Re: [PATCH] mm: avoid use of BIT() macro for initialising VMA flags

From: David Laight

Date: Fri Dec 12 2025 - 08:02:46 EST


On Fri, 12 Dec 2025 13:24:57 +0100
Mateusz Guzik <mjguzik@xxxxxxxxx> wrote:

> So I had a look where the timing difference is coming from and I think
> I have the answer: init_ipc_ns does not have a guaranteed cacheline
> placement and things get moved around with the patch.
>
> On my kernels (nm vmlinux-newbits | sort -nk 1 | less)
>
> before:
> ffffffff839ffb60 T init_ipc_ns
> ffffffff83a00020 t event_exit__msgrcv
>
> after:
> ffffffff839ffbc0 T init_ipc_ns
> ffffffff83a00080 t event_exit__msgrcv
>
> This is the pervasive problem of vars from all .o files placed
> adjacent to each other, meaning changes in one .o file result in
> offsets changing in other files and then you get performance
> fluctuations as not-explicitly-padded variables share (or no longer
> share) cachelines.

Those look like text symbols, not data ones.
But moving code about can make the same sort of changes.

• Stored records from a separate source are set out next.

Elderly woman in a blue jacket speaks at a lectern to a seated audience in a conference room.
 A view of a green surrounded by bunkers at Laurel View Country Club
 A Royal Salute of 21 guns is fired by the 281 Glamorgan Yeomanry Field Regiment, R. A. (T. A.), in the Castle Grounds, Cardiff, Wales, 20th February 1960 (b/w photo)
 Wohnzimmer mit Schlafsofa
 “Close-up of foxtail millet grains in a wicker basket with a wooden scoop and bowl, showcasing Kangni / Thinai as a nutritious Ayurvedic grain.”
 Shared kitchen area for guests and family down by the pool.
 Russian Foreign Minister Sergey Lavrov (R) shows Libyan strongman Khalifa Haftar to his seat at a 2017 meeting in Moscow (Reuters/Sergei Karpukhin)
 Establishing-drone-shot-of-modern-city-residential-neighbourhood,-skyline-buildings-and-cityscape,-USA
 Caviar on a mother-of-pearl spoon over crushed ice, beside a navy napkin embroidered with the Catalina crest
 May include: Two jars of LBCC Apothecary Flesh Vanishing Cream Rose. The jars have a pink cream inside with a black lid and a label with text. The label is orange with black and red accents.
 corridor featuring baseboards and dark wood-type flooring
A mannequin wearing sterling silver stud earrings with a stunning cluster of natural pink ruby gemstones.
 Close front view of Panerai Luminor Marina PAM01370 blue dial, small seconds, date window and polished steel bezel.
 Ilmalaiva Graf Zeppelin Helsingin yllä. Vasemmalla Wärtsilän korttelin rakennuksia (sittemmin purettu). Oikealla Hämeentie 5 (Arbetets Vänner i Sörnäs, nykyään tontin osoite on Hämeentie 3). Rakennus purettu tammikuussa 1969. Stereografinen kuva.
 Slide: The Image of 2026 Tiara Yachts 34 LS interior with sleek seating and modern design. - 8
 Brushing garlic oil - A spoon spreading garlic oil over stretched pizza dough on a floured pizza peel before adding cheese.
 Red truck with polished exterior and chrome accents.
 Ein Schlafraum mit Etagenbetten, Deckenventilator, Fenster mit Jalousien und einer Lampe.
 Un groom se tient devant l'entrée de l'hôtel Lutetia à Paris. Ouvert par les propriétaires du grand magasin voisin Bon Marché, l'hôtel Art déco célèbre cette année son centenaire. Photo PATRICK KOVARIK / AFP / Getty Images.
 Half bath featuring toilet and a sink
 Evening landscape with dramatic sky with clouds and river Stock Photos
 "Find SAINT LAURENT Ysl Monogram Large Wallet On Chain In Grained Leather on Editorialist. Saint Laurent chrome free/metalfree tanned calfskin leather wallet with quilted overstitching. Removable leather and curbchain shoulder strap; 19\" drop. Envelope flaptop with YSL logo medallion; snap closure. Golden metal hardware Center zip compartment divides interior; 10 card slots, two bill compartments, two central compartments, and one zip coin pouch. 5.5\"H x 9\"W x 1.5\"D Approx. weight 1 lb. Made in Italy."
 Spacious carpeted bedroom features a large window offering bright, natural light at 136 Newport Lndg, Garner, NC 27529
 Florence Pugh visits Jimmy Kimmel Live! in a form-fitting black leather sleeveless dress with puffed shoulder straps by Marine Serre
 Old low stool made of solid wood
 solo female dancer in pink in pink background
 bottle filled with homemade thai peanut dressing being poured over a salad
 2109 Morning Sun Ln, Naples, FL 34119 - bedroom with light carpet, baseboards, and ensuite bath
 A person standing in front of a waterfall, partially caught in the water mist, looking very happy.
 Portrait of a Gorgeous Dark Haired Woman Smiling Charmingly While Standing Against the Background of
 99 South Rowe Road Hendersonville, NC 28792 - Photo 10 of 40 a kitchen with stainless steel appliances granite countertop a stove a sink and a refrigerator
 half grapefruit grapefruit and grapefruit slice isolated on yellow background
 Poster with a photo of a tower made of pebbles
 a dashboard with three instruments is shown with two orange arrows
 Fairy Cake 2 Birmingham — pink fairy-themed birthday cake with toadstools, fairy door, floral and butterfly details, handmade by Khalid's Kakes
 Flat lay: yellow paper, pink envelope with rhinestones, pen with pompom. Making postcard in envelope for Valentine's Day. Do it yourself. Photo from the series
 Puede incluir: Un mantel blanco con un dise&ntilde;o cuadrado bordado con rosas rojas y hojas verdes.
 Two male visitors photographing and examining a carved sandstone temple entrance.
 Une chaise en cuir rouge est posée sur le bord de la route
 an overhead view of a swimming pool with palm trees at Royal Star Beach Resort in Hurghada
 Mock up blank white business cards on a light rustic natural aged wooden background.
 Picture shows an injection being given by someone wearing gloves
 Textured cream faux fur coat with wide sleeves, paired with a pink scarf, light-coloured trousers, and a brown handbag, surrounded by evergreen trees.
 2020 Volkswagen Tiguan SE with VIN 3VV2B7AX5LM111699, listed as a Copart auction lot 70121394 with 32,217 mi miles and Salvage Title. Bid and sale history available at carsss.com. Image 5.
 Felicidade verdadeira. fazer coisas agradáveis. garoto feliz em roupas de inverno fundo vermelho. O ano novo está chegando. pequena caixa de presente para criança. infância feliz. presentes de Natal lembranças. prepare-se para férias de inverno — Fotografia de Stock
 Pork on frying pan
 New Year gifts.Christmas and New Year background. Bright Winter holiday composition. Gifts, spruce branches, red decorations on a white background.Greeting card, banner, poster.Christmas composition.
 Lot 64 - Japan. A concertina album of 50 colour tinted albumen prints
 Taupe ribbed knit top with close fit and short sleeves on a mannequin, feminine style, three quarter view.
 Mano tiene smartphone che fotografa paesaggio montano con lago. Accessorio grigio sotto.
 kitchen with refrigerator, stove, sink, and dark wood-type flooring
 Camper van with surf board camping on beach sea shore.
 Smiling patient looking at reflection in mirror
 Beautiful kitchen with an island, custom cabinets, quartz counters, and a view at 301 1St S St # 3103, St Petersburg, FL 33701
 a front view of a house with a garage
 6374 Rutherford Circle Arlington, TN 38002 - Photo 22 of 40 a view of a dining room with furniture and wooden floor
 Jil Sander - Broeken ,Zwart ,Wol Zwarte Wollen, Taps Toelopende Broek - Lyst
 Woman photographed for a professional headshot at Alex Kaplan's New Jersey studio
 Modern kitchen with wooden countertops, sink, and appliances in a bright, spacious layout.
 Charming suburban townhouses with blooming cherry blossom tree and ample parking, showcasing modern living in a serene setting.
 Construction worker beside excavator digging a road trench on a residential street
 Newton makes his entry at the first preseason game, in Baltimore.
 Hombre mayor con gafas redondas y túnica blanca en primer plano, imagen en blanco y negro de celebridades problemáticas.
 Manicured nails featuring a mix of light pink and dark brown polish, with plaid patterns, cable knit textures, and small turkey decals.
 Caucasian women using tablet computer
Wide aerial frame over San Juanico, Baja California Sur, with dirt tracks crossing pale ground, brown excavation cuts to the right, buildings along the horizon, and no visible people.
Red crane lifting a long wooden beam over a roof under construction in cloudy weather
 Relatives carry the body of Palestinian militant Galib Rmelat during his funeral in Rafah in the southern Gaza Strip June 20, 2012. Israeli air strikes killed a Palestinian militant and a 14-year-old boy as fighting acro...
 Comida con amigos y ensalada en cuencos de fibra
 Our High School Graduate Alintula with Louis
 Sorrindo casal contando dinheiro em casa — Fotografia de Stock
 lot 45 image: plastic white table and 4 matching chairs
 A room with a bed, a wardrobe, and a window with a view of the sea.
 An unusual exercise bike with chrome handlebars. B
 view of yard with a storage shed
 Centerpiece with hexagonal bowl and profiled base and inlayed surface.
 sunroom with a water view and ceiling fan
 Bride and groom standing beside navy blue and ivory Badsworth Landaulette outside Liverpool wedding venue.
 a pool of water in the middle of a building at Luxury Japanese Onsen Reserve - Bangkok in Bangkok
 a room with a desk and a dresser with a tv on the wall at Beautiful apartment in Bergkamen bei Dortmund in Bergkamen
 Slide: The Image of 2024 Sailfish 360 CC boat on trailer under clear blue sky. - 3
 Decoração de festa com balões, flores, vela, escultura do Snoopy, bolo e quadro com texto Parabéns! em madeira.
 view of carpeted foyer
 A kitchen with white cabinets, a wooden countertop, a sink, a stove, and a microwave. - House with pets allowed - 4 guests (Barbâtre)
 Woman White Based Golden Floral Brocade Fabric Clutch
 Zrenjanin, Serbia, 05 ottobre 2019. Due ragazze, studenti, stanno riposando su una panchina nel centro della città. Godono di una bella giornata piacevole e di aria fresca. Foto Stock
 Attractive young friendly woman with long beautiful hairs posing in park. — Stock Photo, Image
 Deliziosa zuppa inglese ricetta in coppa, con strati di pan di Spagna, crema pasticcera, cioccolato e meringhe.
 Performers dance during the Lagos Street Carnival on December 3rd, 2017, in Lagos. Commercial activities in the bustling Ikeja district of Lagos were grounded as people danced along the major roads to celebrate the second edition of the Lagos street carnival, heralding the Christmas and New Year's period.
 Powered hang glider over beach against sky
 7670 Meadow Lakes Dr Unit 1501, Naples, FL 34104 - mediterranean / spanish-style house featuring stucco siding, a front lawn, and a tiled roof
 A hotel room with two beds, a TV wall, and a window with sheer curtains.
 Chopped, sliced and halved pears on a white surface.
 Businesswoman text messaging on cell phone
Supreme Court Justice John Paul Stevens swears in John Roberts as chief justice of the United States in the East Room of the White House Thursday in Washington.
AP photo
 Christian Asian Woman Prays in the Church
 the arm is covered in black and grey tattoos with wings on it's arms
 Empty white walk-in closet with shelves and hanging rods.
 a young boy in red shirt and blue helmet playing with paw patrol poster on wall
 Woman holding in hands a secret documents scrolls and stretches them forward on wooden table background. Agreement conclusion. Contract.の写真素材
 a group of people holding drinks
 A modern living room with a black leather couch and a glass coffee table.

> I brought this up a year ago elsewhere:
> https://gcc.gnu.org/pipermail/gcc/2024-October/245004.html

My guess is that all the extra padding increases the cache footprint
of the code and that causes other cache lines to displaced and then
needing to be re-read from memory.
So while a specific benchmark may improve, overall system performance
goes down.

Excessive loop unrolling has the same effect.

David

>
> maybe i should pick it up again and see it through
>
> as for the thing at hand, someone(tm) will want to make sure the
> namespace is cacheline aligned and possibly pad its own internals
> afterwards. Personally I can't be bothered.